It will be appreciated that the various components and circuits within the wireless communication unit 100 can be arranged in any suitable functional topology, in order to utilise the embodiments of the present invention. Furthermore, the various components within the wireless communication unit 100 can be realised in discrete or integrated component form, with an ultimate structure therefore being merely an application-specific selection.

Advantageously, the first and second embodiments of the present invention improve the linearity of the power amplifier 124, particularly for EDGE/3G applications that use envelope modulation.

Referring now to FIG. 2, and according to the first embodiment of the present invention, an envelope modulated signal is input to the radio frequency power amplifier transistor 124. An amplified envelope modulated output signal is sampled by coupler 205. The sampled and amplified envelope modulated output signal is input to a logarithmic detector 210. Notably, the logarithmic detector 210 is arranged to ‘sense’ a voltage level of the output modulation envelope. The logarithmic detector produces a voltage that is proportional to the modulation signal with a limited bandwidth that must be higher than the modulation bandwidth but lower than the RF. The detected voltage is then applied to phase-shifter 215, to ensure that the injected modulation signal is of the correct phase and then converted from a voltage level to a current level in a voltage to current converter 220. The simplest form of V2I circuit is, of course, a resistor. Notably, this current is injected into the power amplifier biasing circuit 126. The injection of the bias signal is preferably performed either via the base/gate port or the collector/drain port of the radio frequency (RF) power amplifier transistor.

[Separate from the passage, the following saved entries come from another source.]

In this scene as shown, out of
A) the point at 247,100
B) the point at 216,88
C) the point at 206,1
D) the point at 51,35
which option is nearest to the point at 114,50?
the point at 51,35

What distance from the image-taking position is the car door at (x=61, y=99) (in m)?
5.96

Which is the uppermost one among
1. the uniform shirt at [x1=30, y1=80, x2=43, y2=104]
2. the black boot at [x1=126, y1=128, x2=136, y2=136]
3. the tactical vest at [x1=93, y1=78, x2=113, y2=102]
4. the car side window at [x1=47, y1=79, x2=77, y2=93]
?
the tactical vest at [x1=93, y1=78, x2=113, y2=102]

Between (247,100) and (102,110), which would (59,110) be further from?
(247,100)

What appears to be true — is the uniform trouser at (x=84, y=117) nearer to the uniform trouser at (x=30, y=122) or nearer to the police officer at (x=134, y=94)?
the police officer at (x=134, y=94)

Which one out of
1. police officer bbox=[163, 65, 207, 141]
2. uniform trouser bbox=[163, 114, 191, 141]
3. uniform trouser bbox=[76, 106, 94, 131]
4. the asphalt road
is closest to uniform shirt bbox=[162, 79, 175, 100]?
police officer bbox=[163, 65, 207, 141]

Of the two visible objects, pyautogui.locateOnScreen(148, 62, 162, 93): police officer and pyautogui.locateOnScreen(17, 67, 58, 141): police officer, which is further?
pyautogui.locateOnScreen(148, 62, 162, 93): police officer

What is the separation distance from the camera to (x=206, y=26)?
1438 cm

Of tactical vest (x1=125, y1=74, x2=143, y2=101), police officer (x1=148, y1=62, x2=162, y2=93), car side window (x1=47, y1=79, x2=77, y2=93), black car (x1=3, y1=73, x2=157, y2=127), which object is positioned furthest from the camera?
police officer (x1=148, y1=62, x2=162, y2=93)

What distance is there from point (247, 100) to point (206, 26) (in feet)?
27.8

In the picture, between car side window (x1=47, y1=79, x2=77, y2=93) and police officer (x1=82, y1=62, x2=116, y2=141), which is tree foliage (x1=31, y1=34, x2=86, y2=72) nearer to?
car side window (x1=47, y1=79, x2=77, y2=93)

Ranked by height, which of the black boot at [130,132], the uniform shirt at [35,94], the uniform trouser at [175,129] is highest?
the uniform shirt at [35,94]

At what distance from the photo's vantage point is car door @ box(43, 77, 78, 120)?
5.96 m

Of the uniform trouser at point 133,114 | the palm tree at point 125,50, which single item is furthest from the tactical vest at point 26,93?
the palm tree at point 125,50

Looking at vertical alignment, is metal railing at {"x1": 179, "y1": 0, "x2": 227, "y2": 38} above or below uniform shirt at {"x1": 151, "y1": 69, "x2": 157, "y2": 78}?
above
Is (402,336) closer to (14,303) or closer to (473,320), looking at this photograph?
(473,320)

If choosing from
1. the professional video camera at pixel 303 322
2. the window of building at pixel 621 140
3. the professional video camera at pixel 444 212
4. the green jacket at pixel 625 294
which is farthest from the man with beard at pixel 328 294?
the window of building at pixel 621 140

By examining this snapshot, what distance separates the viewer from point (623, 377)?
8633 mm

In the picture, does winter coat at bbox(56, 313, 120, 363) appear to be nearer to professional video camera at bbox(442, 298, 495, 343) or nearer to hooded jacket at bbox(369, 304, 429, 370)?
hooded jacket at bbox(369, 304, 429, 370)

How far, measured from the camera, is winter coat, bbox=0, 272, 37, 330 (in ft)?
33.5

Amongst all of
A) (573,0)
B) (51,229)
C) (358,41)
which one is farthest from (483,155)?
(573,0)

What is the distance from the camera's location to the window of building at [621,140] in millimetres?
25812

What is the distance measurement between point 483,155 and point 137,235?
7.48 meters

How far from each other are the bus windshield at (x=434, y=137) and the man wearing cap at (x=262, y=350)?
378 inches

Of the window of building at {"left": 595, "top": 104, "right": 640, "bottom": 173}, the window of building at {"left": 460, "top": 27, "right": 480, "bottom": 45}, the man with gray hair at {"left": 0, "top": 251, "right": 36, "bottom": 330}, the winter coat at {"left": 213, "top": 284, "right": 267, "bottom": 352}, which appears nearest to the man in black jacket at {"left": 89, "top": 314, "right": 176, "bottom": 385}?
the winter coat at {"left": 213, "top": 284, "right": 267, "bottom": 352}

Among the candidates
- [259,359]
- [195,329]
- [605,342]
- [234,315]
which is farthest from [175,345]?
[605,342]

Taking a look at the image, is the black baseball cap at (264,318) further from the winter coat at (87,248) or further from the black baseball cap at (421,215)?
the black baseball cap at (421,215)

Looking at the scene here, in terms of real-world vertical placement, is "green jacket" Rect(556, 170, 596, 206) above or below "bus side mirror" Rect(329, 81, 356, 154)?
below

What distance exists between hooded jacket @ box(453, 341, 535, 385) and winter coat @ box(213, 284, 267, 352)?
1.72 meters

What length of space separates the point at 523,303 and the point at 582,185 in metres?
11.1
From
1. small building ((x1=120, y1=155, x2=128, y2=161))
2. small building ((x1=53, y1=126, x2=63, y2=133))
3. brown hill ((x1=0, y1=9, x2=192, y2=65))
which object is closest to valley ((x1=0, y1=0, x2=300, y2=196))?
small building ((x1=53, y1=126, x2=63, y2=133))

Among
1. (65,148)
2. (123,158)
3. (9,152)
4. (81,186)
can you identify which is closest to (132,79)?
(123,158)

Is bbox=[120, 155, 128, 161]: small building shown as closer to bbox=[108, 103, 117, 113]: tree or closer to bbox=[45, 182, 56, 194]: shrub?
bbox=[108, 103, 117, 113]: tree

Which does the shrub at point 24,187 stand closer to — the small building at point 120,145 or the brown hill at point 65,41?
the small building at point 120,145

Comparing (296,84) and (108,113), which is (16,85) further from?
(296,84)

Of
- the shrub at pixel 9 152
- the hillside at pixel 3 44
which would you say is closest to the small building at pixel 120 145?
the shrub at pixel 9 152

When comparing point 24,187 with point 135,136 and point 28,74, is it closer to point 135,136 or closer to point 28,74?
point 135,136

Referring now to FIG. 3, and in accordance with a second embodiment of the present invention, an envelope modulated signal is input to the radio frequency power amplifier transistor 124. An amplified envelope modulated output signal is again sampled by coupler 305. The sampled amplified envelope modulated output signal is input to a logarithmic detector 310. Notably, the logarithmic detector 310 is arranged to ‘sense’ the output modulation envelope. The detected voltage is then applied to phase-shifter 215 and then amplified in RF amplifier 320. Notably, this voltage is then applied in the power amplifier biasing circuit 126. The injection of the bias signal is preferably performed either via the base/gate port or the collector/drain port of the radio frequency (RF) power amplifier transistor.

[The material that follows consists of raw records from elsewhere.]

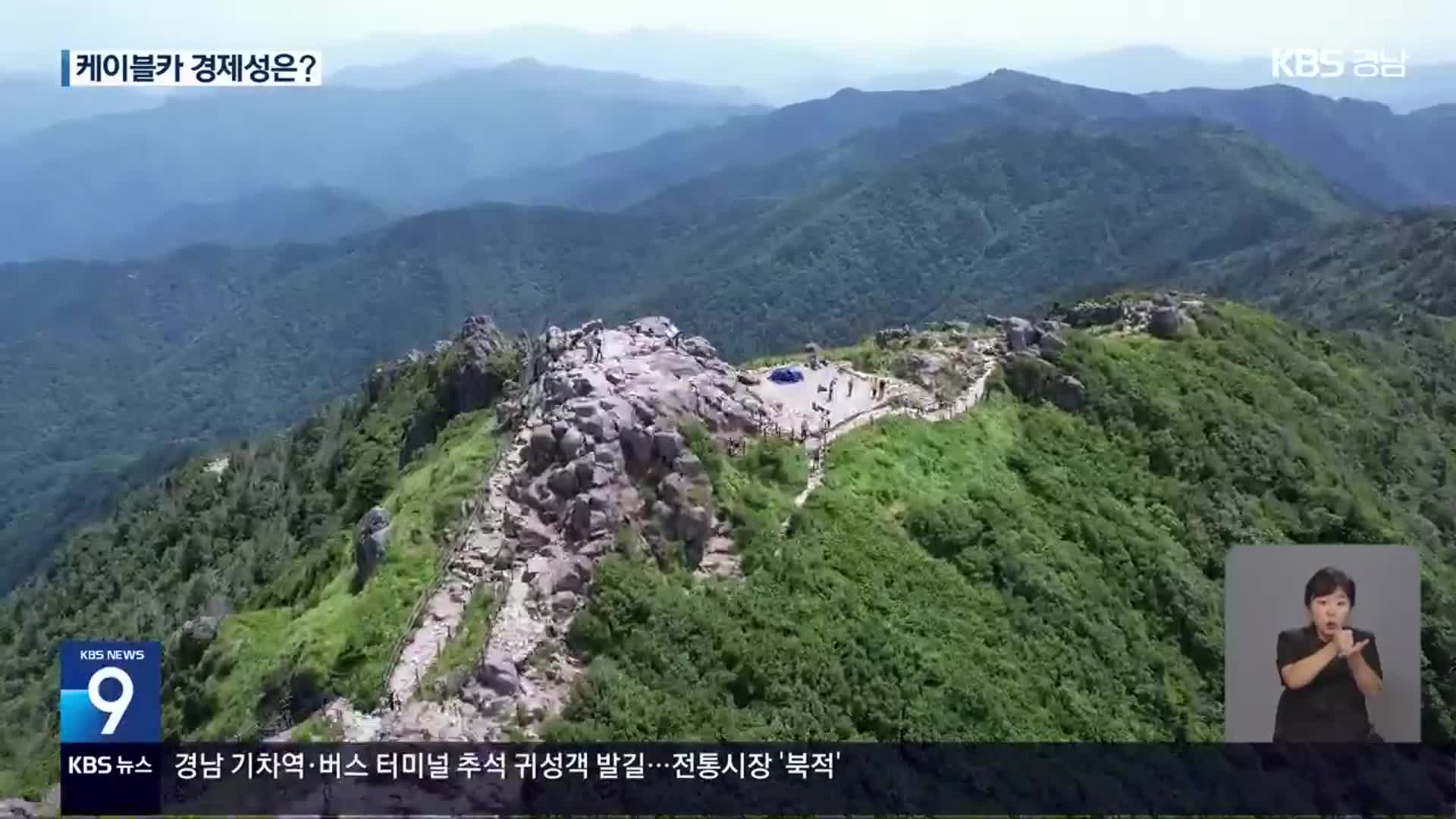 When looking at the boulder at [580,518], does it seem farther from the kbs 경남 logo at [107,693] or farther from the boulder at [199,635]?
the boulder at [199,635]

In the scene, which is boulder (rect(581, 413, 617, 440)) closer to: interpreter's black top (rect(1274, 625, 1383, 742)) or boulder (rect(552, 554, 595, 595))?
boulder (rect(552, 554, 595, 595))

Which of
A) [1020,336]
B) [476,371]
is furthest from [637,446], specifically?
[476,371]

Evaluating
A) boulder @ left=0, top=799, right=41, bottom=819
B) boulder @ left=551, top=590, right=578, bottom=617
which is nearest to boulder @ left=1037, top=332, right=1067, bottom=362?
boulder @ left=551, top=590, right=578, bottom=617

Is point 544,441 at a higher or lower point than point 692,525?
higher

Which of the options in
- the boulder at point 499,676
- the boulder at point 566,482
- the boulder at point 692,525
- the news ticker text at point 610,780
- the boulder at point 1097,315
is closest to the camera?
the news ticker text at point 610,780

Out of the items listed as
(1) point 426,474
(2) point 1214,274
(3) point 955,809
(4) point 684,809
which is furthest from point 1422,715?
(2) point 1214,274

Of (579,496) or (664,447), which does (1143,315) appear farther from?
(579,496)

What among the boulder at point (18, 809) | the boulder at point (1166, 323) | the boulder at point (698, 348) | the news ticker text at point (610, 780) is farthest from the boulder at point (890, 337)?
the boulder at point (18, 809) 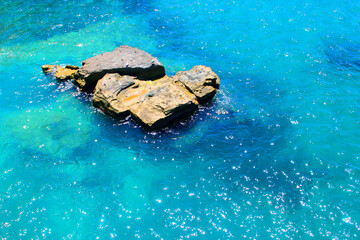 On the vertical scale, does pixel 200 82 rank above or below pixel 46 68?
above

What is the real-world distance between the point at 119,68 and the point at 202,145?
495 centimetres

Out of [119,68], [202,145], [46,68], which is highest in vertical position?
[119,68]

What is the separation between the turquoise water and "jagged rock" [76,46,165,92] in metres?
0.87

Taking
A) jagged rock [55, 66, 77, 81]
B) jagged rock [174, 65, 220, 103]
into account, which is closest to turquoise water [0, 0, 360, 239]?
jagged rock [55, 66, 77, 81]

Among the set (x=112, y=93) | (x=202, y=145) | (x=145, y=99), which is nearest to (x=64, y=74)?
(x=112, y=93)

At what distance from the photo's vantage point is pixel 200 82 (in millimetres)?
11727

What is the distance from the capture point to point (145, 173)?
916cm

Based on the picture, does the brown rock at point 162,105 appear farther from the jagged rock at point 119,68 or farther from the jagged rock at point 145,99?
the jagged rock at point 119,68

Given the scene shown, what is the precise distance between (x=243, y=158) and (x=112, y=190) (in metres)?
4.36

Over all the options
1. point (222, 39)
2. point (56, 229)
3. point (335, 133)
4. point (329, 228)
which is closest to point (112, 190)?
point (56, 229)

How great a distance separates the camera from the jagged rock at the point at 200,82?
11.6m

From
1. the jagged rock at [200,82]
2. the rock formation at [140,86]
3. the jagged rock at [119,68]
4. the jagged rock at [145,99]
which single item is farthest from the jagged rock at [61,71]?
the jagged rock at [200,82]

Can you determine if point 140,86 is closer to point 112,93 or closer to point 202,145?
point 112,93

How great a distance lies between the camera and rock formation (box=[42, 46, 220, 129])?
10516 mm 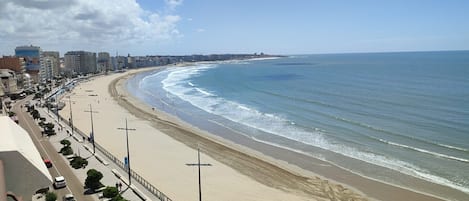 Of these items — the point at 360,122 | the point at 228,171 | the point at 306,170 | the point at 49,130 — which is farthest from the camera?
the point at 360,122

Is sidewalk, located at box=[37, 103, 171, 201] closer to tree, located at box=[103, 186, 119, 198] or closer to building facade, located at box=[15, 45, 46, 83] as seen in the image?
tree, located at box=[103, 186, 119, 198]

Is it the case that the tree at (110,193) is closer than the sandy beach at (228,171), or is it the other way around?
the tree at (110,193)

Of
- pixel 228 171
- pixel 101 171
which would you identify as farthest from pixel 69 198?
pixel 228 171

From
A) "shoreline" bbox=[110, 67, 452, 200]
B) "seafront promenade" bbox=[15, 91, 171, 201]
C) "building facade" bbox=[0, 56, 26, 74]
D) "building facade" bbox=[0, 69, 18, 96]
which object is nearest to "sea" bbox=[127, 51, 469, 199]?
"shoreline" bbox=[110, 67, 452, 200]

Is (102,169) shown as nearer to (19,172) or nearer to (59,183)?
(59,183)

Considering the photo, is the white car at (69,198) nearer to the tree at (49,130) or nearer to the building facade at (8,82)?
the tree at (49,130)

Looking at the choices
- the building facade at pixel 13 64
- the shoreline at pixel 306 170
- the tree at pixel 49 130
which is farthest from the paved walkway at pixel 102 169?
the building facade at pixel 13 64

In this manner, the first and second embodiments of the present invention provide a new envelope-injection circuit that improves power amplifier linearity. In particular, the first and second embodiments of the present invention propose using the logarithmic detector in a novel manner; that is to detect the envelope modulation of the RF PA output (or input) signal rather than the amplified RF power level.

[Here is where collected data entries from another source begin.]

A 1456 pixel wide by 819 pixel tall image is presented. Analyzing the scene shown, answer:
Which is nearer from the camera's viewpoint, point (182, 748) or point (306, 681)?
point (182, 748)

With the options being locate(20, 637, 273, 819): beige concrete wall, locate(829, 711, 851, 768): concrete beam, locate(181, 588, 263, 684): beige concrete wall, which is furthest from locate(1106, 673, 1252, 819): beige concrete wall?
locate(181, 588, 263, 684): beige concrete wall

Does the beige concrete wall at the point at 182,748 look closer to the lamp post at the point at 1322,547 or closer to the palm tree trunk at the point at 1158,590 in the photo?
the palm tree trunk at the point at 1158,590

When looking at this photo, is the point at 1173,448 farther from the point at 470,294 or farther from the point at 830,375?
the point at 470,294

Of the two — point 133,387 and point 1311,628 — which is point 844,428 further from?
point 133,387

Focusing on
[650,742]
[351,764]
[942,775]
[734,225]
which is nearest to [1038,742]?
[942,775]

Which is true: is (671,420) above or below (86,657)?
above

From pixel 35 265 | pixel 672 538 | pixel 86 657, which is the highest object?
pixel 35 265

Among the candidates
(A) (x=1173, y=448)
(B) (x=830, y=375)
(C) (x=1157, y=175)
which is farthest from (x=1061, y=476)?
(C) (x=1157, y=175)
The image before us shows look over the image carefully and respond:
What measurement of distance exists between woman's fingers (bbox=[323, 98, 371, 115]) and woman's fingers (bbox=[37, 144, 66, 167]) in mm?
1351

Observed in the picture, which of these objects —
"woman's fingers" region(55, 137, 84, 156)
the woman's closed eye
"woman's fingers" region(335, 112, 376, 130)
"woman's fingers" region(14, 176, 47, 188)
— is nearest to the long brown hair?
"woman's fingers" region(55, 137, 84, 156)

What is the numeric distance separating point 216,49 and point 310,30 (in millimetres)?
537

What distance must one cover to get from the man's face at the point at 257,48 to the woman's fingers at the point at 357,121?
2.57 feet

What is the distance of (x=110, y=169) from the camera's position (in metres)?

Referring now to FIG. 4, a logarithmic detector and V2I converter arrangement 400 is illustrated in accordance with an embodiment of the present invention. As mentioned above, a sample of the RF input, or amplified output, envelope-modulated signal is input to a logarithmic detector 210, 310. The use of the logarithmic detector 210, 310 removes the need to adjust the injection loop gain of the amplifier across all input RF power levels, due to constant gain of the logarithmic detector 210, 310 for modulation versus power. This is true for a small modulation index.

The sensed envelope modulation signal is then input to a phase shifter, where the envelope modulation signal is phase shifted and thereafter input, say (according to the first embodiment), to a voltage to current (V2I) converter 220.

The output of the V2I converter 220 is input to a direct current (DC) biasing circuit configured to supply a bias current 440 to the PA. Here, the DC input voltage 425 is summed with the V2I converter output. The V2I current is passed to a first reference transistor 420, whose base port is operably coupled to the base of the PA 435 to force the PA base voltage. A reference voltage, such as a battery voltage 405 is provided as a collector voltage to a second transistor 410, which is supplying the base current for the PA 435.

The summed current, i.e. the dc plus modulation current is provided to the collector of the first reference transistor. It is envisaged that this summation may be performed at any suitable location, such as before the V2I or immediately after the V2I or employing two V2I elements and combining their output.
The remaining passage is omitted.